Well as Victoria was reading this article to me my 6th grader, upon hearing that her sibling will not have to take this 2nd grade test exclaimed, “That is so unfair!”. Hmm. This got me thinking. Why did she feel this way? So I asked her. Did she think the test was meaningful? No. Did she herself benefit from the test? No. Then why did she think it was unfair? After a little discussion I discovered that she thought the change was actually for the better but she was upset that they hadn’t done it while she was in 2nd grade.
I wonder how many times we have continued a tradition, a ritual, or anything that we didn’t like when we went through it just because we think it would be unfair for us to have to do something that those coming behind us didn’t have to do. How often do we put our kids through things just because that’s the way we had to do it?
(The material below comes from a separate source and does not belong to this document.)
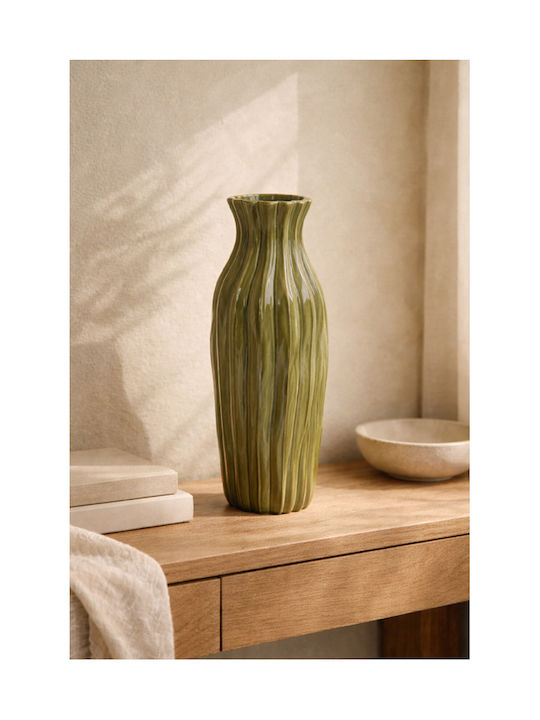 Kaemingk Decorative Porcelain Vase Green 16.5x16.5xH41.5cm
I wonder how deep this mindset penetrates our society. Last year Victoria read a book that had Chinese foot binding as a major theme. I wonder how many of these women did these to their daughters just because they felt it would be unfair for them to not go through it after they had. I wonder if there were any salve owners in the south who felt that slavery was wrong but that it would be unfair for them to try to work without them. I could go on but I think you get the point.
I’ve given my kids the “walk to school in the snow, uphill both ways” argument several times. When I do it I hope they are taking away from it that I think it’s cool that they have access to cell phones, the internet, and other modern conveniences. They should be thankful that they have all of these things. I sure hope they don’t think that I’m crying foul. Yes, I wish that I’d have had some of the benefits as a kid that they have now. But I would hate for them to think that I’m putting them through something that I disagree with just because I had to do it.

Monday, May 03, 2010

Argument From Final Consequences

Today's logic fallacy comes to us courtesy of Rush Limbaugh. The Argument From Final Consequences is when someone attempt to prove that whoever benefited from something must have caused it. Not long after the terrorists attacks of 9-11-2001 several conspiracy theorists noticed that many of the civilian contracts in Iraq and Afghanistan were going to Haliburton. Dick Cheney had financial interest in this company. Therefore, without any other evidence the conspiracy theorists concluded that Dick Cheney caused the attacks on the World Trade Center. It's ridiculous.
Now sure it may look suspicious if a man dies a few days after his wife takes out a larger life insurance policy. And that is definitely a red flag that should be investigated. But the timing of the benefit alone is not enough to prove anything.
Well today Rush Limbaugh is claiming that extremist environmentalists blew up the BP drilling rig in order to affect the upcoming vote on energy policy. Sure the timing is suspicious and if there is any evidence supporting it it should be seriously looked into. But the timing alone is not proof.
The logic is fallacious when it's left wing conspiracy theorists attacking Cheney. It's just as fallacious when it's Limbaugh attacking environmentalists.